* Material provided
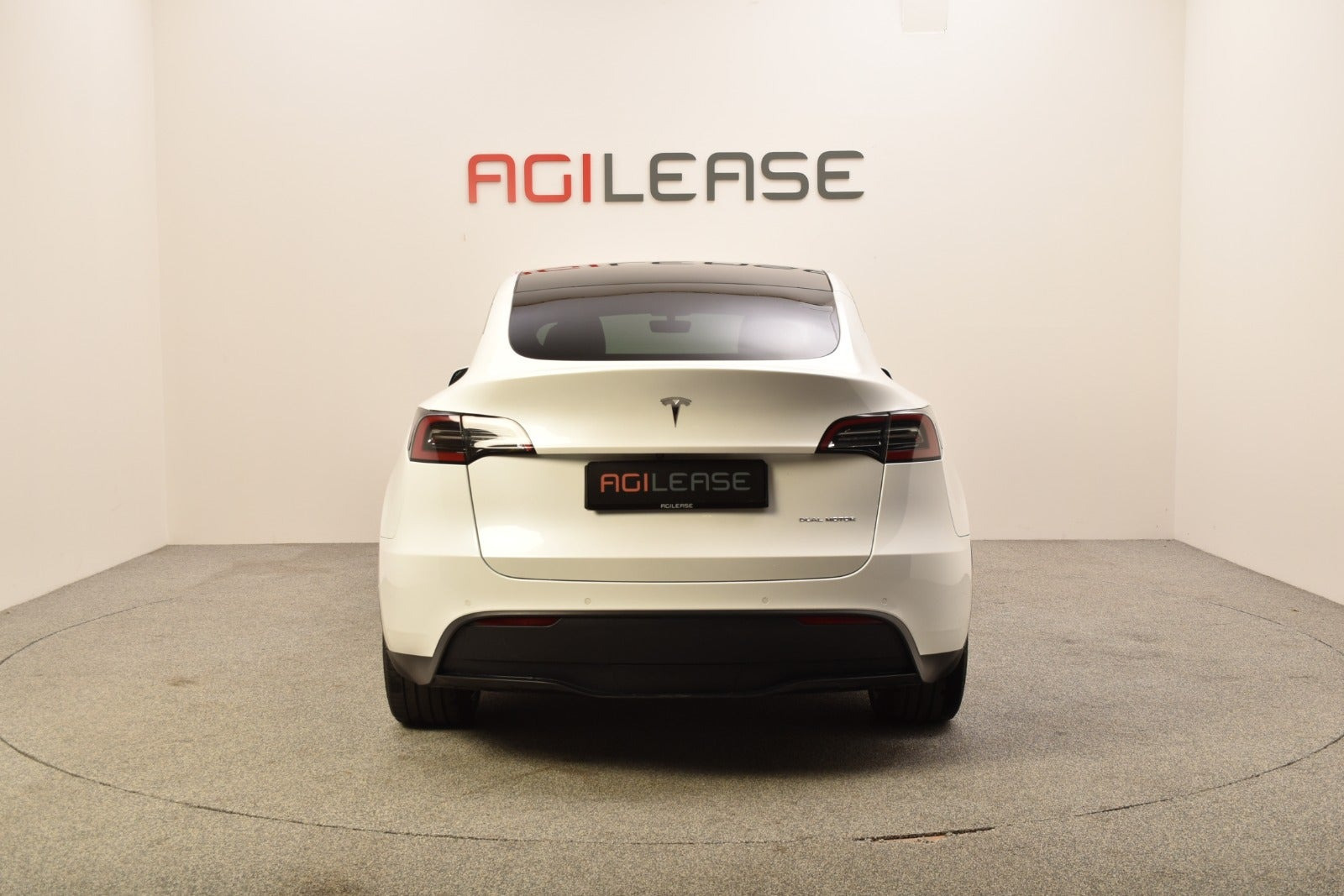 Hvid Tesla Model Y fra 2021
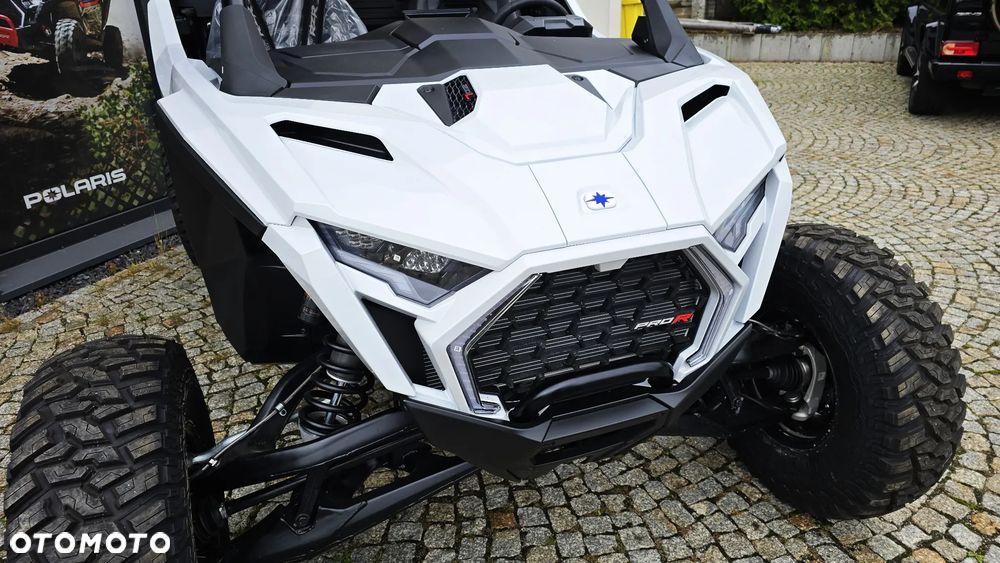 Polaris RZR - 11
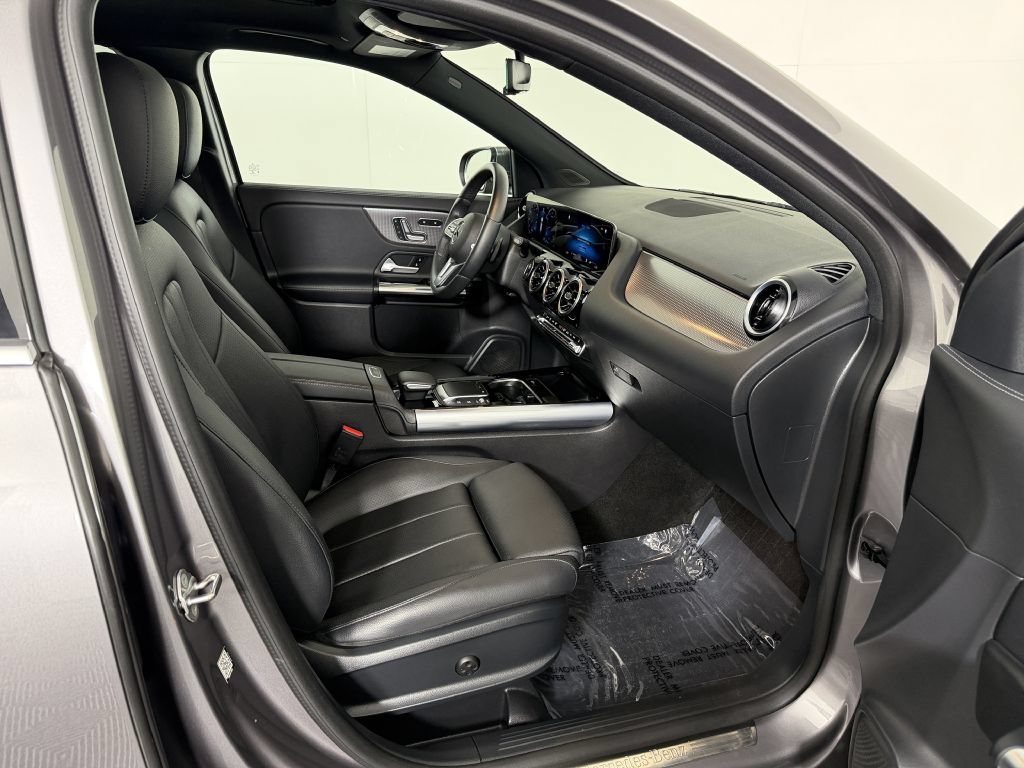 Used 2022 Mercedes-Benz GLA 250 4MATIC image 25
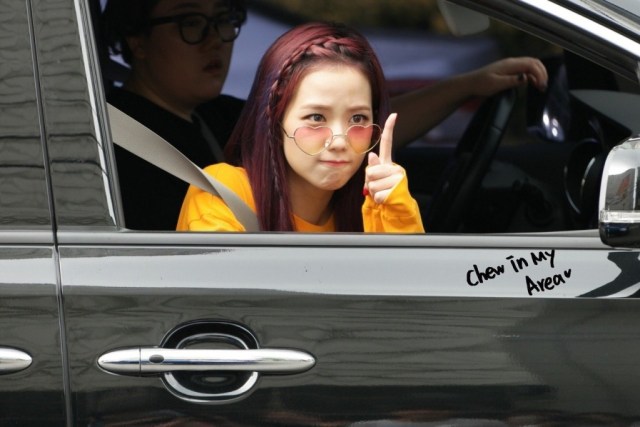8 Inspirasi Gaya Rambut Manis dari Jisoo BLACKPINK, Bisa Dicoba Nih! (2)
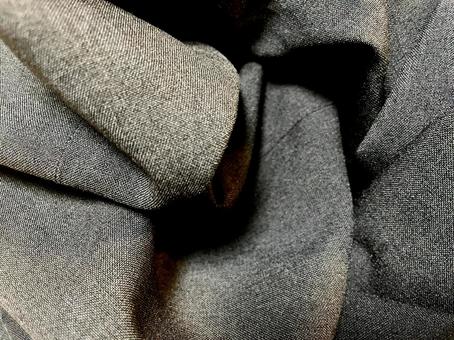 くしゃくしゃになったグレーの布素材 くしゃくしゃになったグレーの布素材の写真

* Work to be completed
Only the records, copied exactly and without pictures, should make up the answer.

* Expected answer
 Hvid Tesla Model Y fra 2021
 Polaris RZR - 11
 Used 2022 Mercedes-Benz GLA 250 4MATIC image 25
8 Inspirasi Gaya Rambut Manis dari Jisoo BLACKPINK, Bisa Dicoba Nih! (2)
 くしゃくしゃになったグレーの布素材 くしゃくしゃになったグレーの布素材の写真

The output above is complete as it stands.